Okita.news,- Soppeng , - Sejumlah wartawan merasa di perlakukan tidak adil dengan Dinas Komunikasi dan Informatika (Diskominfo) Kabupaten Soppeng." Terkait dengan aturan pengadaan biaya rekanan di Kabupaten Soppeng baik Media Cetak terlebih lagi Media Online , yang dinilai kuat ada kejanggalan yang patut dipertanyakan.
Perlakuan ini terkait kerjasama dengan media pada Diskominfo Soppeng terkesan pilih kasih atau diskriminatif.
“Iming-iming saja, terbukti sudah beberapa Tahun memasukan penawaran untuk berlangganan, tapi pada akhirnya Dinas Kominfo menolak atau tidak menerima dengan berbagai alasan," ungkap beberapa wartawan yang merupakan warga asli Soppeng ini ".
Bahkan sedang terendus lagi kabar , tentang adanya dugaan yang masuk rekanan langganan Media diKominfo Kabupaten Soppeng, disinyalir ada beberapa oknum yang bekerja diKominfo Soppeng mengambil kesempatan berlangganan/memungut biaya rekanan Media .
Sumber yang patut dipercaya juga merupakan Jurnalis diKabupaten Soppeng mengatakan ," Seharusnya Diskominfo Kabupaten Soppeng bijak dan adil, dan dapat memeriksa seluruh Media yang masuk Langganan diKominfo Soppeng. Sebab, Kami mencurigai ada beberapa media baik Cetak maupun Online yang dimanfaatkan oleh Oknum - Oknum tertentu .

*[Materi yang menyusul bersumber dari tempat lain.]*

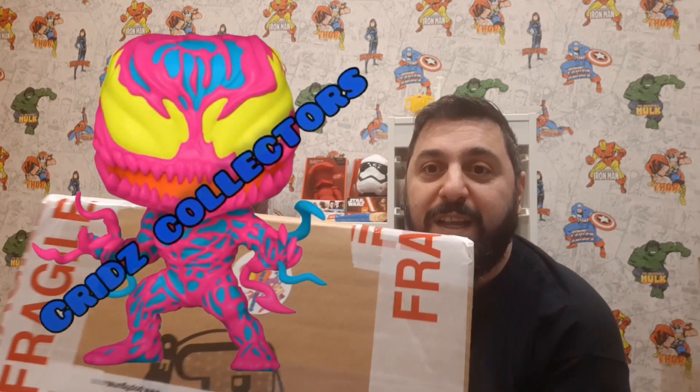Hey guys, welcome back to another video. Today we are doing another unboxing. This box is from Crids Collectors. I've had this box sitting here for a long time — I think I got it before Christmas, but with all the building we've had going on and with the new studio and everything, I haven't had a chance to open it yet.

"Pasalnya, dengan memasukkan beberapa Media untuk gerogoti biaya langganan media dengan satu Oknum. Seperti contoh, hanya menggunakan satu perusahaan Media dapat memasukkan beberapa Media Cetak dan Online dengan Oknum yang sama .
Lebih lanjut menerangkan, Seharusnya Diskominfo lebih transparan terkait Media yang masuk rekanan. Dan memperlihatkan semua daftar media bersama nama-nama wartawan-nya / Biro yang aktif dalam pemberitaan , dan memprioritaskan wartawan Soppeng demi untuk kesejahteraan warga Soppeng yang berperan sebagai Jurnalis.
" Kalau perlu kita bermohon melalui E - Katalok diBarang dan Jasa (Barjas), agar dapat lebih jelas dan tidak ada lagi yang Doble. "Pintanya ".
Terpisah , Nasyitha Kabid Infokom ditemui diruang kerjanya, Selasa (17/01/2022) untuk dimintai tanggapan-nya mengatakan, Untuk tahun ini kami dari Kominfo belum bisa menerapkan untuk persyaratan masuk rekanan melalui E-Katalok mungkin tahun depan bisa. " Ucapnya" .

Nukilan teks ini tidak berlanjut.